Smartphone banditi, i presidi veneziani protestano: «Educazione digitale per i nostri ragazzi»
Stanno chini sui loro smartphone mentre sono alla fermata del bus, mostrano lo schermo ai compagni fuori da scuola, si ricordano interrogazioni e verifiche su Whatsapp, tra una confidenza e l’altra. Se i nativi digitali sono venuti al mondo con il cellulare in mano, il ministro dell’istruzione Giuseppe Valditara vuole farglielo riporre per qualche ora.
La scorsa estate, infatti, ha emanato una circolare con cui intendeva dare una stretta all’uso degli smartphone in classe, vietandoli anche per scopi didattici. Niente di nuovo, a dire il vero, dal momento in cui la stretta sull’uso dei telefoni era stata introdotta dall’ex ministro Giuseppe Fioroni nel 2007.

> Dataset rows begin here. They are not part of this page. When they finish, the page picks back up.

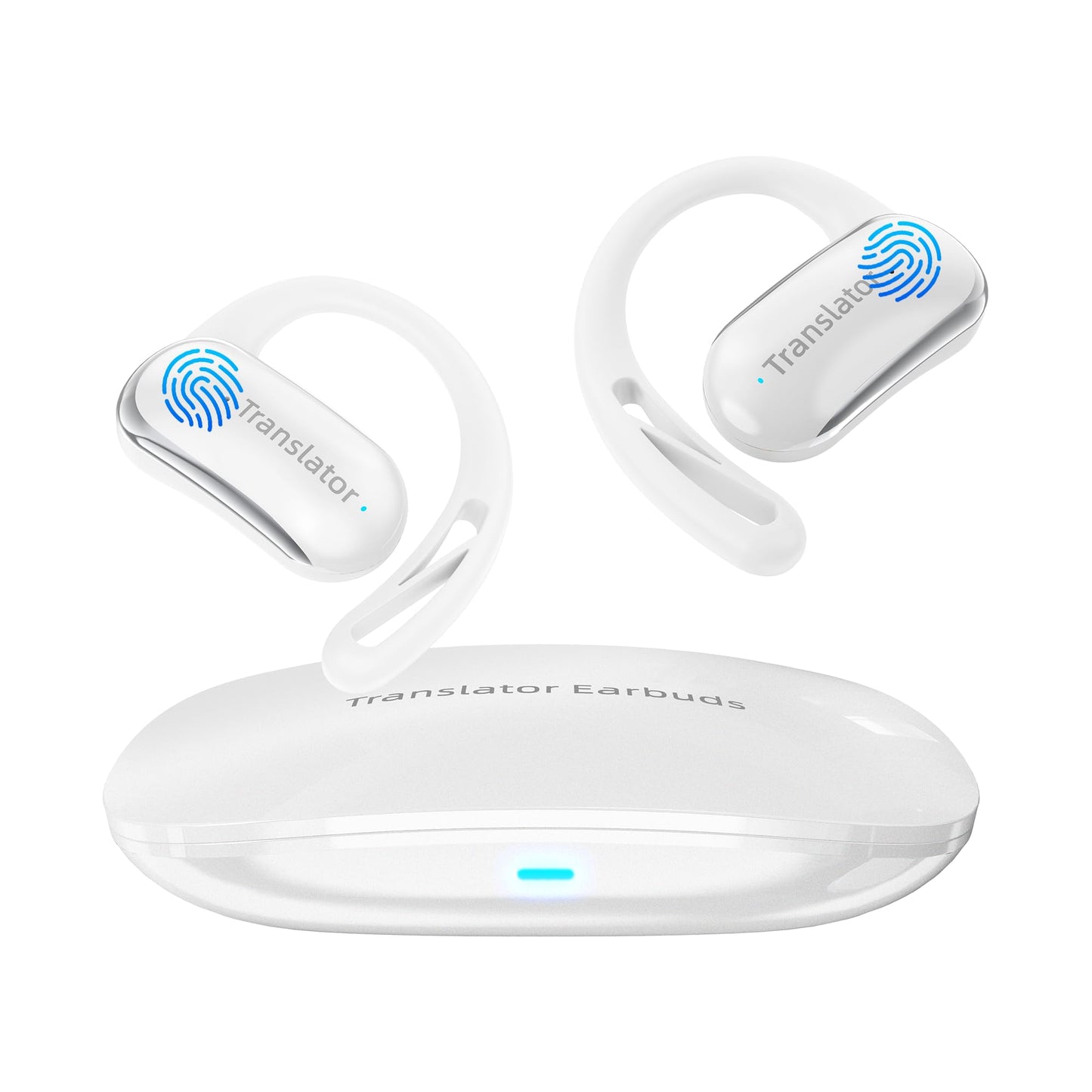 ANFIER AI Translation Earbuds Real-Time 3-in-1 Language Translator Earbuds 144 Languages & Accents,Open-Ear Design Fit iOS & Android for Travel Business Learning(AF56 White Online)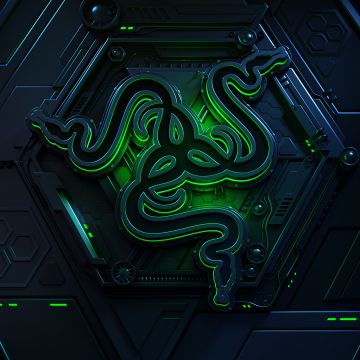 Vault, Razer, Green, Dark, 3D, Neon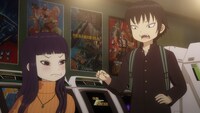アニメ「ハイスコアガール」第14話より。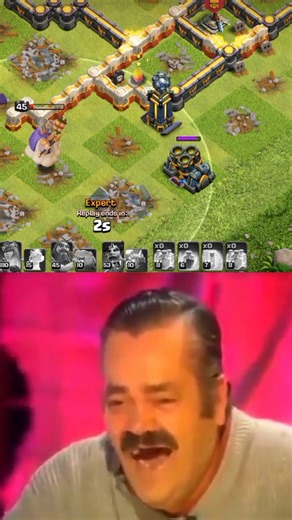 My Reaction in Clash Of Clash #clashofclans #shorts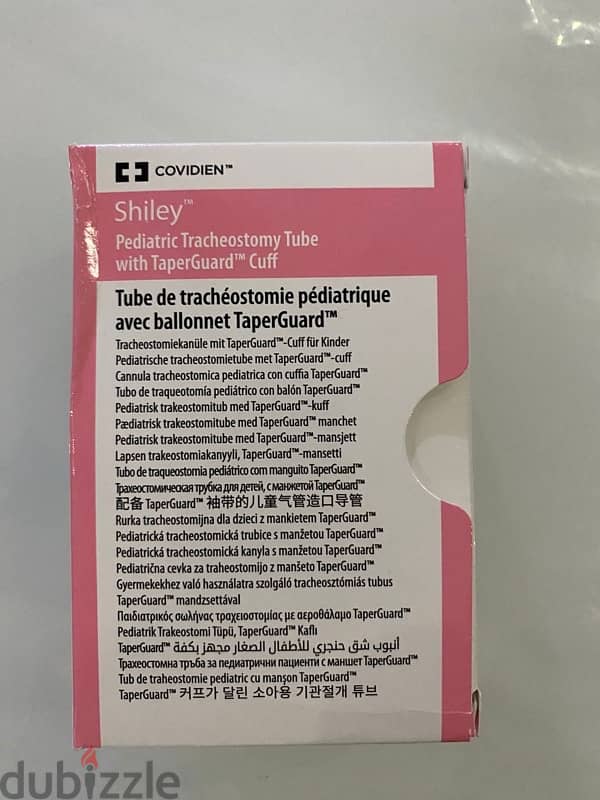 للبيع: أنابيب شيللي للتراكيستومي (Shilley Pediatric Tracheostomy Tube) 0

Tutt’altra epoca quella di Valditara, dove il no al cellulare arriva dopo anni di dad e finanziamenti a pioggia per rendere le aule sempre più tecnologiche e l’apprendimento sempre più digitale. Se dapprima erano stati proprio gli studenti a criticare la stretta, facendo presente al ministro che il loro essere nativi digitali implica la necessità di un’educazione all’uso dei dispositivi più che una proibizione assoluta, a loro parere anacronistica, ora sono i dirigenti scolastici stessi a puntare il dito contro la scelta ministeriale.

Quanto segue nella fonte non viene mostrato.